Finnish social welfare and health policy organisations as social reformers and experts (1930s–1960s)

PhD project in political history, 2014–2019
Supervisors: professor Pauli Kettunen and associate professor Johan Strang, University of Helsinki
Funded by the Society of Swedish Literature in Finland, the Finnish Cultural Foundation, the Swedish Cultural Foundation in Finland and Kone Foundation

Summary and preliminary findings

Preliminary table of contents (September 2018)

In my PhD project, I look at four Finnish social and health policy organisations as public policy actors and experts from the 1930s to the 1960s. The organisations are Väestöliitto (the Finnish Population and Family Welfare League), Samfundet Folkhälsan (the Public Health Association of Swedish Finland), Sosiaalihuollon Keskusliitto (the Finnish Federation for Social Welfare) and Sosiaalipoliittinen yhdistys (the Finnish Social Policy Association).

Institutions, parties and ‘traditional’ dominant interest organisations (i.e., labour market organisations, or trade organisations such as the Central Union of Agricultural Producers) have been studied extensively and meticulously within Nordic and Finnish welfare state research. I am therefore interested in looking at a less examined field: NGOs and their role in the construction of what would later become the welfare state.
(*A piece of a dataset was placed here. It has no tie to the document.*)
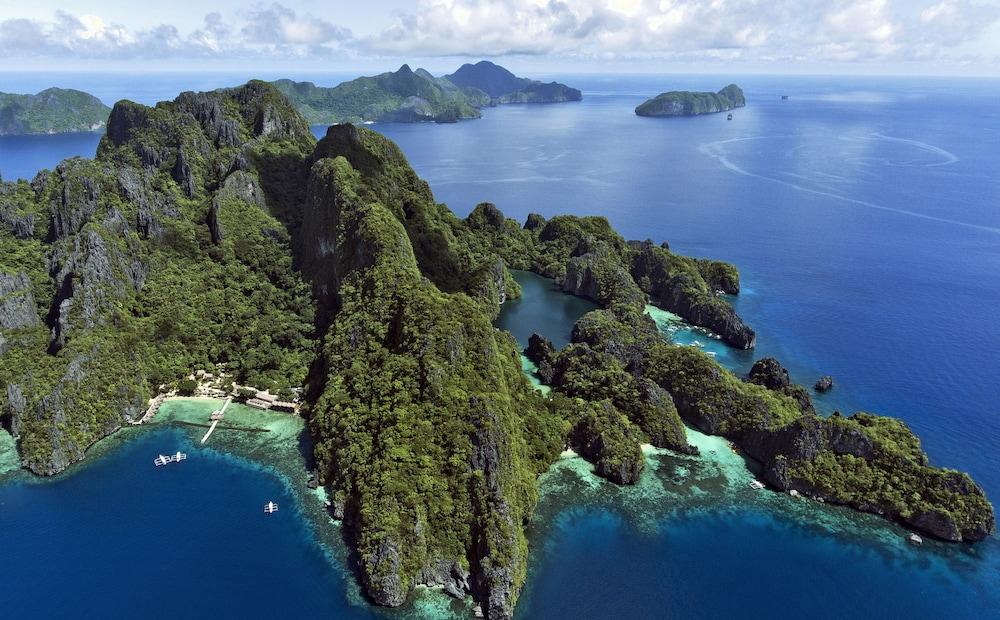 Miniloc Island Resort Aerial View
I argue that at the core of this role was the combination of a dual expertise: professional and political. As professional experts, they have operated on the practical, grassroots-level; for instance, by providing social welfare and health care services. As political experts, they have been active in designing and implementing social and health legislation and policy on a higher, i.e., national and municipal level, which requires theoretical and political know-how.

My research also highlights a phenomenon I have labelled ‘bourgeois social reformism’. Initially, I did not select my study subjects with the intention of studying bourgeois actors – if anything, I assumed them to be politically diverse. However, in the course of my research, I have come to conclude that all four organisations can be characterised as centre-right and representing middle-class values and interests. Nonetheless, they each have played a central role in the development of social and health policy, which in time developed into what would be called the welfare state. In these endeavours, the actors often followed the ideas and models of left-wing actors abroad (e.g., Swedish Social Democrats or American progressives) – but transformed and depoliticised these ideas and models in order to further bourgeois norms and values, to socially and culturally homogenise the Finnish population. The idea of a good quality of life was equated with the bourgeois middle class, without any apparent endeavours to preserve, for example, working-class culture while simultaneously improving the working class’ standard of living.
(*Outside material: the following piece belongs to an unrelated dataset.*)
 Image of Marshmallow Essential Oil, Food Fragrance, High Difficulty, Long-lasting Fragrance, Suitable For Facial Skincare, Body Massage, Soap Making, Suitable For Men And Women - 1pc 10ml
These findings provide a historically more nuanced interpretation of two fairly common notions. Firstly, I claim that controlling and helping individuals and groups should not be perceived as opposites, but rather, as overlapping approaches and goals. Racial hygiene, public health and social engineering, for example, were about controlling risk individuals and groups, and about preventing and mitigating individual and collective misery.
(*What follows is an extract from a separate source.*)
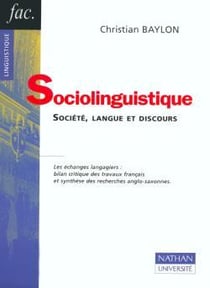 Sociolinguistique - Société, langue et discours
Secondly, related to the above, the findings challenge the simplistic and somewhat worn-out idea of the Nordic welfare states as a Social Democratic phenomenon, let alone working-class. My research demonstrates how social reformism should not be understood merely as a leftist trope. While the approaches and objectives included some markedly conservative goals (e.g., traditional gender and family models), bourgeois social reformists cannot – by definition – be understood in terms of conservatism. They actively worked for reforming social and health policy; not just in order to mitigate unwanted developments, but also for creating something they perceived as a better society.